• **THE PROBLEM**
Only the lines from the one containing "Building Photo - 204 Revolutionary Dr" through the end of the records should be retyped, exactly and including both ends; pictures stay out.

------ LISTED RECORDS ------

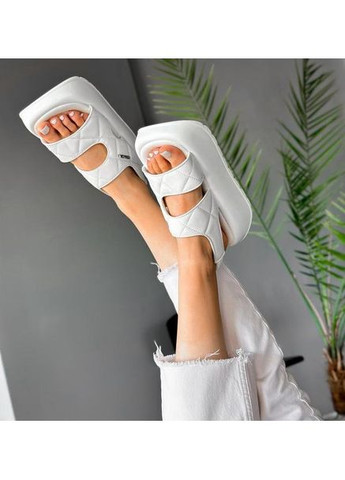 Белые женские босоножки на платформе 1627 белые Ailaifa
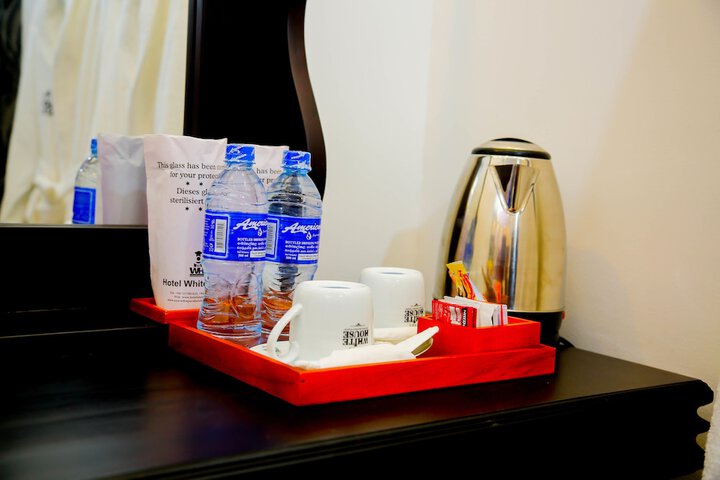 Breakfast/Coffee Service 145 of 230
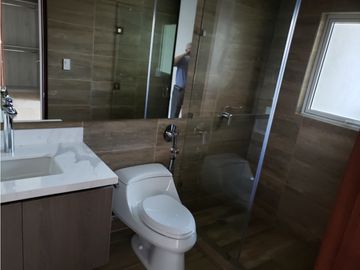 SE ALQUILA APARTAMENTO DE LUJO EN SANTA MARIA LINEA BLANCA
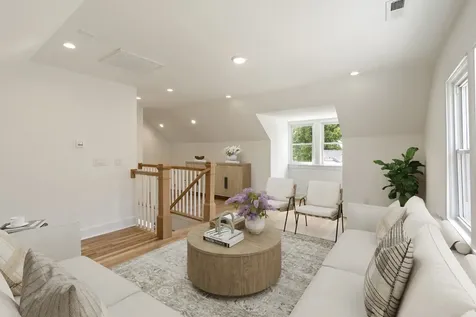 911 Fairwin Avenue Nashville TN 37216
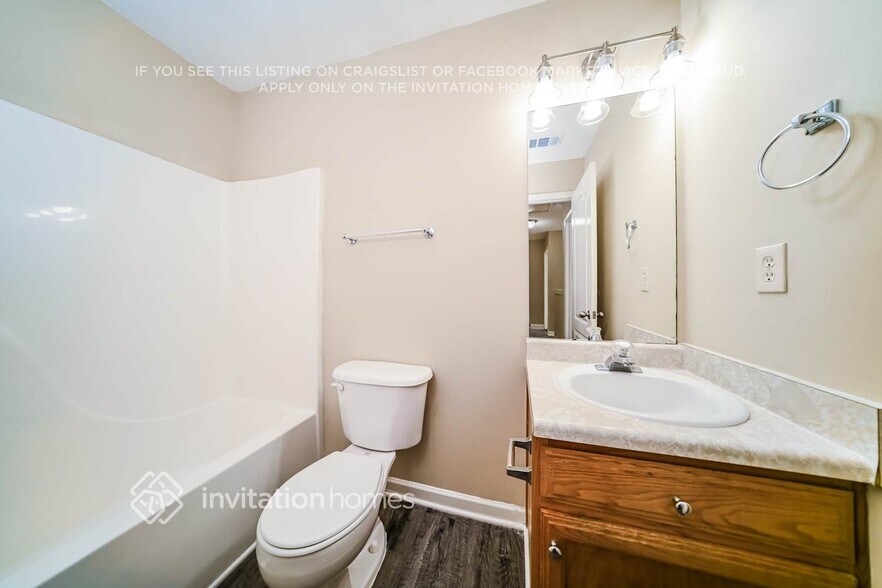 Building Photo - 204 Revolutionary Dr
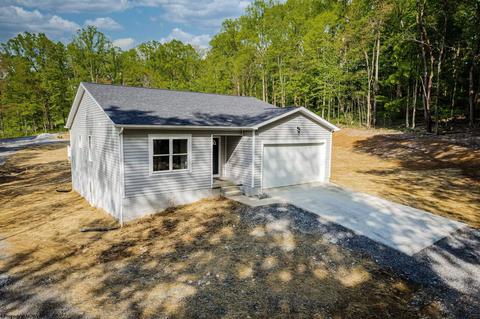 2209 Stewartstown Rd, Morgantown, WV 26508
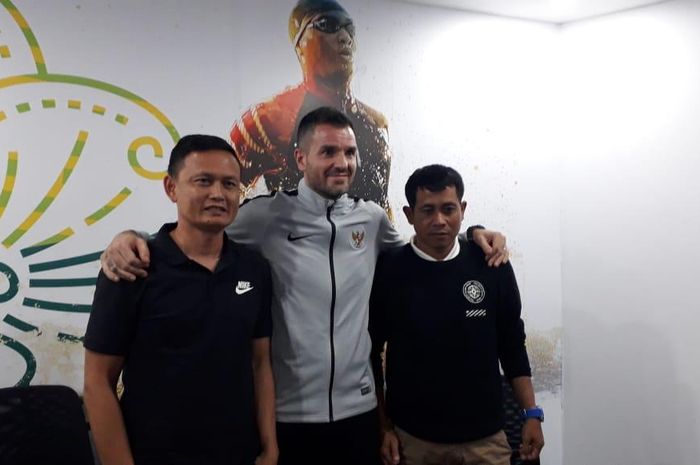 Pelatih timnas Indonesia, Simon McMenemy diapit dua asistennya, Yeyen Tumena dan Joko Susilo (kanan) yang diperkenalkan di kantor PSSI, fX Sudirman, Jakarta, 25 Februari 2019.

------

• **RESPONSE TO THIS EXERCISE**
 Building Photo - 204 Revolutionary Dr
 2209 Stewartstown Rd, Morgantown, WV 26508
 Pelatih timnas Indonesia, Simon McMenemy diapit dua asistennya, Yeyen Tumena dan Joko Susilo (kanan) yang diperkenalkan di kantor PSSI, fX Sudirman, Jakarta, 25 Februari 2019.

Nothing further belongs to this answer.